The Context and Motivation
In the ever-evolving realm of data science and machine learning, the use of synthetic data has emerged as a powerful tool. In the first part of our series, we created a model that generated synthetic tabular data, but why? Let’s delve into it.
Why Synthetic Tabular Data?
Generating synthetic tabular data serves multiple purposes. Firstly, it provides a safe harbor for experimentation without the risks associated with real-world data, particularly when dealing with sensitive information. This ensures that privacy concerns are addressed while still allowing robust testing and development. Secondly, synthetic data can help simulate various scenarios, enabling us to stress-test our models under diverse conditions. This becomes invaluable when real data is scarce, expensive, or limited in variability.
The Imperative of Monitoring
Once a model is deployed, the journey doesn’t end there. Models, no matter how meticulously crafted, can drift over time as the real-world data they encounter begins to change. This drift can lead to decreased performance, potentially resulting in inaccurate or biased predictions. That’s where monitoring steps in. Keeping a vigilant eye on our model’s performance allows us to catch these shifts early. This not only ensures the model remains accurate but also maintains the trust of those relying on its predictions. Moreover, with the inclusion of actual values in our synthetic data, we can emulate and monitor the model’s behavior, making the process even more insightful.
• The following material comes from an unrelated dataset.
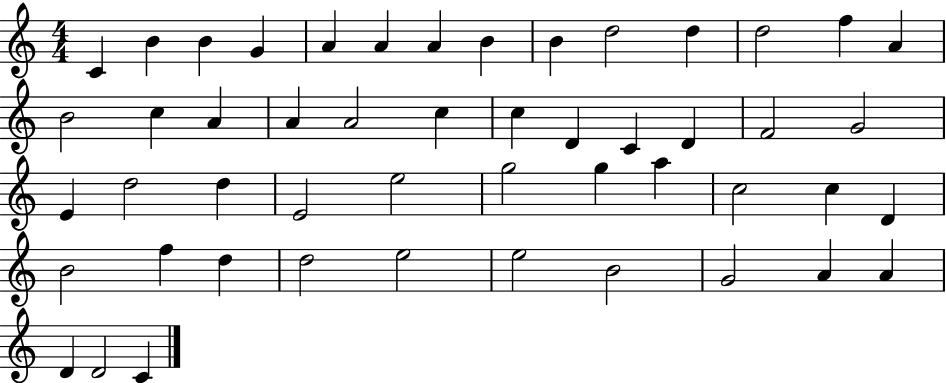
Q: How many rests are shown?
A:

Lambda and S3: A Seamless Duo
So, where do AWS Lambda and S3 fit into all this? AWS Lambda allows us to execute our models without the hassle of server management, responding in real-time as new data enters our system. This serverless compute service can automatically run code in response to multiple events, like changes to data within an Amazon S3 bucket. Speaking of S3, it’s not just a storage solution. It’s a highly durable and available storage platform, ideal for hosting our models and ensuring they’re readily accessible when Lambda needs them. The synergy between Lambda’s event-driven architecture and S3’s reliable storage offers a seamless, efficient, and scalable solution to our model deployment and monitoring needs.
In essence, with the right tools and a clear understanding, we can transform the daunting task of model deployment and monitoring into a smooth and efficient process.
Architectural Overview
When venturing into the realm of machine learning deployment, especially within AWS, visualizing the architecture is pivotal. It provides a clear road map of how different components interact, ensuring a smooth flow of operations. So, let’s embark on a journey from the creation of synthetic data to its eventual prediction and storage.
The diagram sketches out the process:
- EC2 Instance (from Part 1): An EC2 instance, with a deployed model, generates synthetic tabular data.
- Amazon S3: This synthetic data is then stored in a designated S3 bucket.
- Event Notification: The moment new synthetic data enters the S3 bucket, it acts as a trigger, sending an event notification.
- Lambda Function: On receiving the notification, our AWS Lambda function springs into action. It fetches the synthetic data, processes it, and runs a prediction using our model.
- Results in S3: Post-prediction, Lambda saves the results, along with the predictions, back into another folder within the same S3 bucket.
Breaking Down the Components
- EC2 Instance: In our previous post (Part 1), we discussed the deployment of our machine learning model on an EC2 instance. This virtual server in AWS’s cloud is responsible for generating our synthetic tabular data, which emulates real-world scenarios without using actual sensitive data.
- Amazon S3: Amazon’s Simple Storage Service, or S3, is more than just storage. It’s a versatile tool that stores our synthetic data, hosts our machine-learning model, and saves prediction results. The durability and scalability of S3 ensure our data remains intact and our model accessible.
- Lambda Function: The star of this article, AWS Lambda, is a serverless computing service. Upon an S3 event trigger, Lambda effortlessly scales, processes the incoming data, leverages the model stored in S3 for predictions, and writes the results back. All this without the user ever managing a server!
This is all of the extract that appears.